What to do: Using the data that follows, output only the lines from the line with "We are seeing" up to and including the line with "Please do squid", exactly, leaving pictures aside.

Given data Start Marker

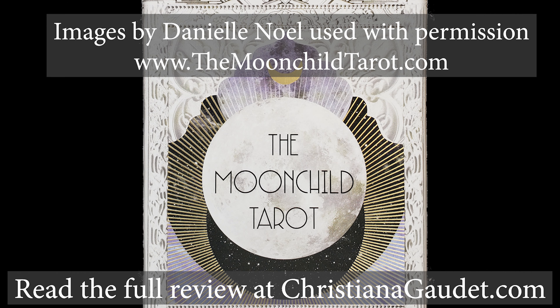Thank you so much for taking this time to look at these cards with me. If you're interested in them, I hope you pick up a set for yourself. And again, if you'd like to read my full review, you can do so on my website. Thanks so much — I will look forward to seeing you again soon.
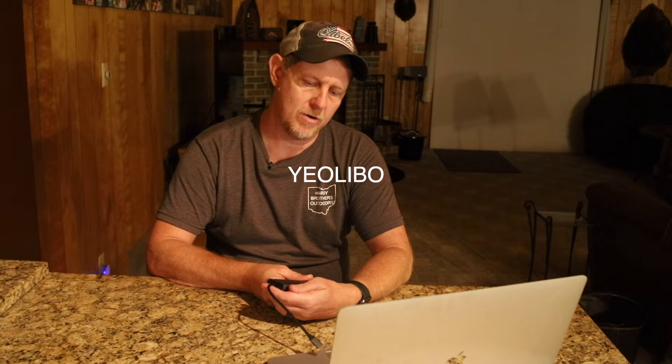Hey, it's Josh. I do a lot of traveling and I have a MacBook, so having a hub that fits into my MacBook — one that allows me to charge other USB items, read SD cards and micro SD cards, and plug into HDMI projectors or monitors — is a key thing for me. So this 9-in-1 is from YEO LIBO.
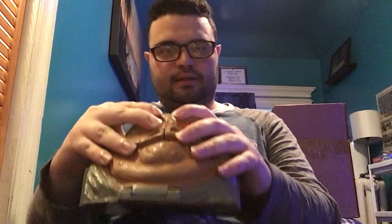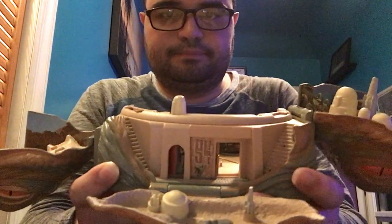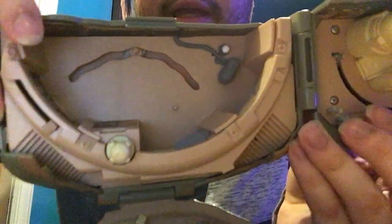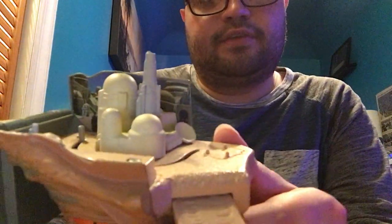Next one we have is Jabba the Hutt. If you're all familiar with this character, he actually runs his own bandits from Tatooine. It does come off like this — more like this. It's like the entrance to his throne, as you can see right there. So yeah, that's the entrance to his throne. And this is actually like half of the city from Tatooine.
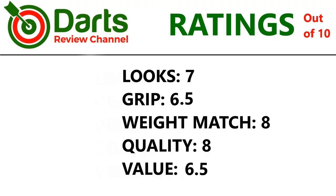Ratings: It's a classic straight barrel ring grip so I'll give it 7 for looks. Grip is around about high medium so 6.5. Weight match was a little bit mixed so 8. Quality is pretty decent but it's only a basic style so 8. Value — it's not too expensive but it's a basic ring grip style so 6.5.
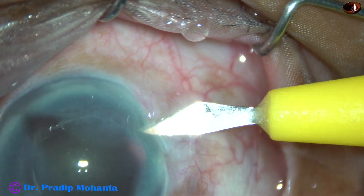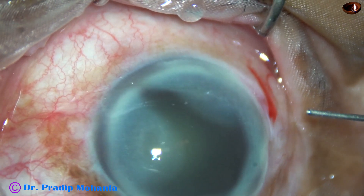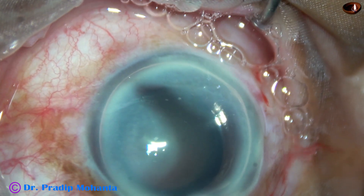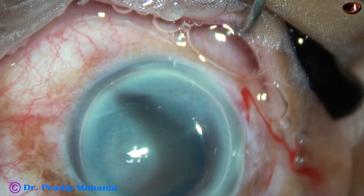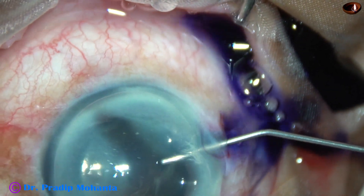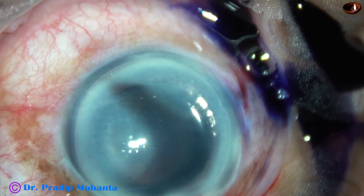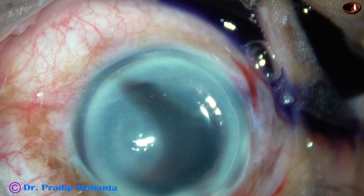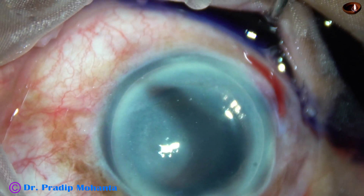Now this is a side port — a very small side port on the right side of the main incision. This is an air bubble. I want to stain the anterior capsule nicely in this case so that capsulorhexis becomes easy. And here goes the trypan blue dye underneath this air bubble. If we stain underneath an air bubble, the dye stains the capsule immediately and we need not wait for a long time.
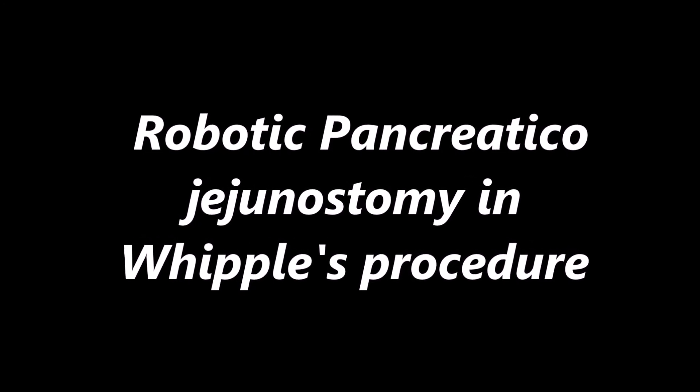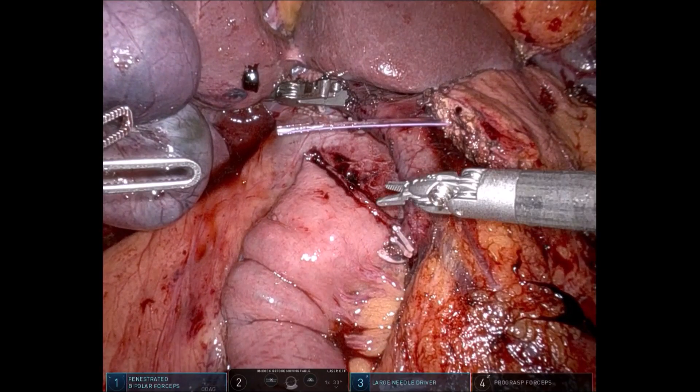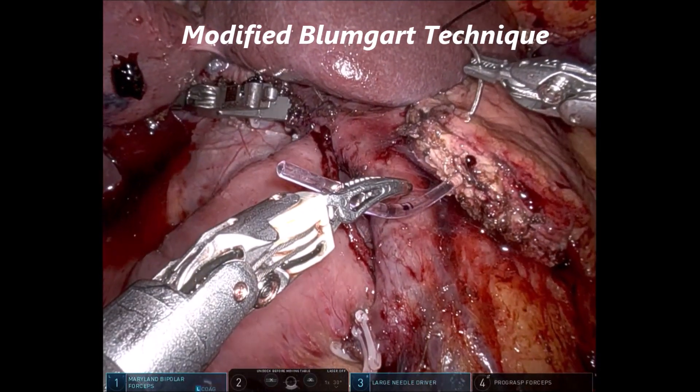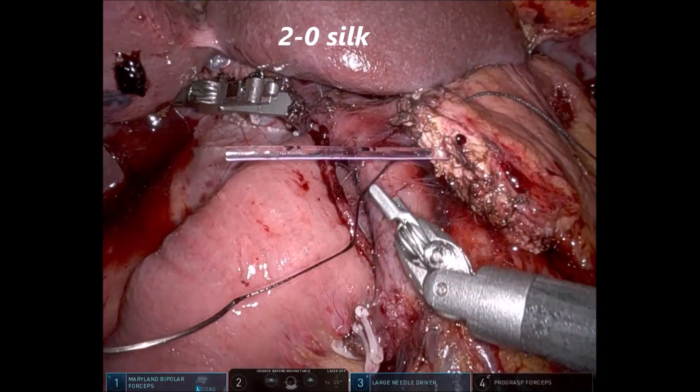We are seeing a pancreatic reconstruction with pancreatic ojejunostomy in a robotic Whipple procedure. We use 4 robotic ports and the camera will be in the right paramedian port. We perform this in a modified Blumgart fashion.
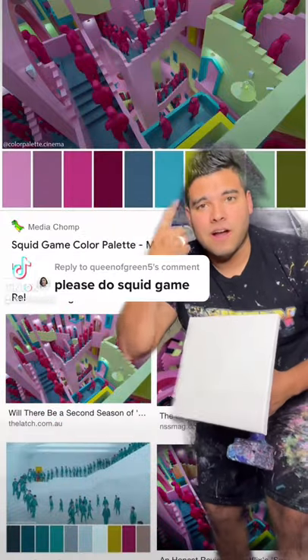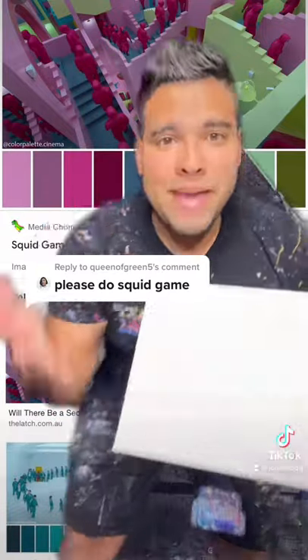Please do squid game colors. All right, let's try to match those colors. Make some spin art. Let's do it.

Given data End Marker
Given data Start Marker

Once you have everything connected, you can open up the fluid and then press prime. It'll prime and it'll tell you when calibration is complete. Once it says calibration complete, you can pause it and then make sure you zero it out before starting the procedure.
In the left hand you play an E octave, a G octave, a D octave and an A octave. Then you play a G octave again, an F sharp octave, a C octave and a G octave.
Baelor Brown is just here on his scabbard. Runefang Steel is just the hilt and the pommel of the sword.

Given data End Marker

Answer section:
We are seeing a pancreatic reconstruction with pancreatic ojejunostomy in a robotic Whipple procedure. We use 4 robotic ports and the camera will be in the right paramedian port. We perform this in a modified Blumgart fashion.
Please do squid game colors. All right, let's try to match those colors. Make some spin art. Let's do it.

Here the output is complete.